It has long been known that adding an aroma to drinks or food, for example yoghurt, can influence the taste. Yoghurt with a strawberry aroma, for example, is experienced as sweeter than yoghurt without a strawberry aroma. Van Beilen shows that adding an illustration to these taste-aroma combinations, for example a picture of a strawberry, can make food taste even sweeter.
Van Beilen used a gustometer developed in Wageningen for her research. A gustometer is a computer-controlled instrument that is able to administer very precisely timed doses of liquids and aromas. Participants in the research were offered a taste-aroma combination via the gustometer: slightly sweetened sugar solutions with a strawberry aroma, a caramel aroma or a savoury aroma.In some cases they were also shown a picture. There were two types of pictures: figurative pictures that showed a sweet object, for example a strawberry, and non-figurative pictures, which, were digitally manipulated so that although they showed the colour and the texture of a strawberry, they were otherwise unrecognizable as a strawberry.

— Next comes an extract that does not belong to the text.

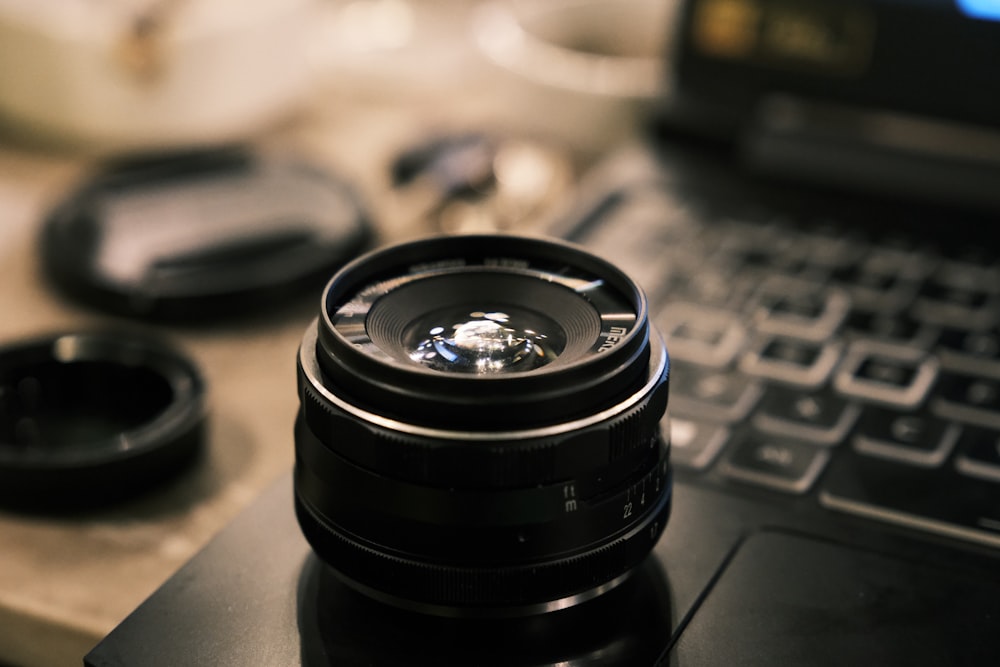 a camera lens sitting on top of a laptop computer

Van Beilen’s research reveals that showing a figurative image in combination with food can influence the taste experience for a long period of time. This could, for example, mean that seeing a picture of a strawberry on the packaging could make the sweets taste sweeter for a longer period of time. Adding a non-figurative illustration can influence taste temporarily. This means that non-figurative illustrations should be offered at the moment something is eaten or drunk. Thus by using the right colour for yoghurt and/or its packaging, it would be possible to offer a product that tastes just as sweet but has less sugar.
Less sugar in our food is important for preventing obesity and diabetes. The results of this research could be used by the food industry in the development and marketing of healthier products with less sugar that taste just as sweet.